> **Exercise objective**: Set down exactly the stretch of lines below that opens at the line containing "有趣的galgame游戲推薦 2025好玩的galgame游戲下載" and continues through the last line of the entries, and nothing else.

----- Supplied entries -----

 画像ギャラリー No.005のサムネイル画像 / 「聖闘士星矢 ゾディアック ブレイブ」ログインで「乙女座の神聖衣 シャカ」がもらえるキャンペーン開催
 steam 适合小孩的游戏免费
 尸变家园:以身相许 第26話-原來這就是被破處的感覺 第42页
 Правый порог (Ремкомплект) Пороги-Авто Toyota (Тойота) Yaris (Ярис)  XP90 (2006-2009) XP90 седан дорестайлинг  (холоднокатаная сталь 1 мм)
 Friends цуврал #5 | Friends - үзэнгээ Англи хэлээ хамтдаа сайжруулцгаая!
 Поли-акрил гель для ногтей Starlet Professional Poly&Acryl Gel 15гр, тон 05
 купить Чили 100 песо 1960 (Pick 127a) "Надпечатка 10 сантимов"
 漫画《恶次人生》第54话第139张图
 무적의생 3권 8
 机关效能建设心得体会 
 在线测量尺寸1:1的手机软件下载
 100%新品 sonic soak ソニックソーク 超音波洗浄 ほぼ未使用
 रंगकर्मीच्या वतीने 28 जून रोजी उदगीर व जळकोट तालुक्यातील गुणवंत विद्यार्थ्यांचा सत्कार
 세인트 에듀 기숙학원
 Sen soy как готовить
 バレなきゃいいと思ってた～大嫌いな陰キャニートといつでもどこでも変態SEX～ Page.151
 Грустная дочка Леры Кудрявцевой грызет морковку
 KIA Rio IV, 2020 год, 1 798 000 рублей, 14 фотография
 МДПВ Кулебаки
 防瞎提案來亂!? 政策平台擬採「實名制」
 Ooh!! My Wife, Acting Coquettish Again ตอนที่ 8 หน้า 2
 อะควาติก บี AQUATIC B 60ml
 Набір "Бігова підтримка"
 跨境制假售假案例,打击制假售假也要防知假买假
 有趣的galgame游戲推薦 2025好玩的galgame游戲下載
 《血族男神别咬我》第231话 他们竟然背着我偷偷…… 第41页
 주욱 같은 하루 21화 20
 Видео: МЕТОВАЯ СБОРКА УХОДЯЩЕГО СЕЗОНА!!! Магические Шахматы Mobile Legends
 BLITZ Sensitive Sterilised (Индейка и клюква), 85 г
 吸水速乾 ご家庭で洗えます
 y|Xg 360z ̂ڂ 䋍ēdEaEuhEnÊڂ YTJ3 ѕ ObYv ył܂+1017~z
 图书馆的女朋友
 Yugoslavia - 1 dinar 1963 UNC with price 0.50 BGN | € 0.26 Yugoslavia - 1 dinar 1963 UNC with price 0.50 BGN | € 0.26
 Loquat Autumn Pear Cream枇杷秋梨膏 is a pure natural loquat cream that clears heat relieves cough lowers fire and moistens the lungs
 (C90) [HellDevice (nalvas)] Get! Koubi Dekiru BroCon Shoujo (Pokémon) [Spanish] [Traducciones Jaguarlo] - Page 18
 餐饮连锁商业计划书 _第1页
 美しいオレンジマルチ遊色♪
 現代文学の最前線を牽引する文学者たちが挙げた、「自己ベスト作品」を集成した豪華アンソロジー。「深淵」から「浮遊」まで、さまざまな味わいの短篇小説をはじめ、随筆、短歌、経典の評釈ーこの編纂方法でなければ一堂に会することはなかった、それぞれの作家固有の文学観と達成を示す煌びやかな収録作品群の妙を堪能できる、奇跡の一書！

-----

> **Answer box**:
 有趣的galgame游戲推薦 2025好玩的galgame游戲下載
 《血族男神别咬我》第231话 他们竟然背着我偷偷…… 第41页
 주욱 같은 하루 21화 20
 Видео: МЕТОВАЯ СБОРКА УХОДЯЩЕГО СЕЗОНА!!! Магические Шахматы Mobile Legends
 BLITZ Sensitive Sterilised (Индейка и клюква), 85 г
 吸水速乾 ご家庭で洗えます
 y|Xg 360z ̂ڂ 䋍ēdEaEuhEnÊڂ YTJ3 ѕ ObYv ył܂+1017~z
 图书馆的女朋友
 Yugoslavia - 1 dinar 1963 UNC with price 0.50 BGN | € 0.26 Yugoslavia - 1 dinar 1963 UNC with price 0.50 BGN | € 0.26
 Loquat Autumn Pear Cream枇杷秋梨膏 is a pure natural loquat cream that clears heat relieves cough lowers fire and moistens the lungs
 (C90) [HellDevice (nalvas)] Get! Koubi Dekiru BroCon Shoujo (Pokémon) [Spanish] [Traducciones Jaguarlo] - Page 18
 餐饮连锁商业计划书 _第1页
 美しいオレンジマルチ遊色♪
 現代文学の最前線を牽引する文学者たちが挙げた、「自己ベスト作品」を集成した豪華アンソロジー。「深淵」から「浮遊」まで、さまざまな味わいの短篇小説をはじめ、随筆、短歌、経典の評釈ーこの編纂方法でなければ一堂に会することはなかった、それぞれの作家固有の文学観と達成を示す煌びやかな収録作品群の妙を堪能できる、奇跡の一書！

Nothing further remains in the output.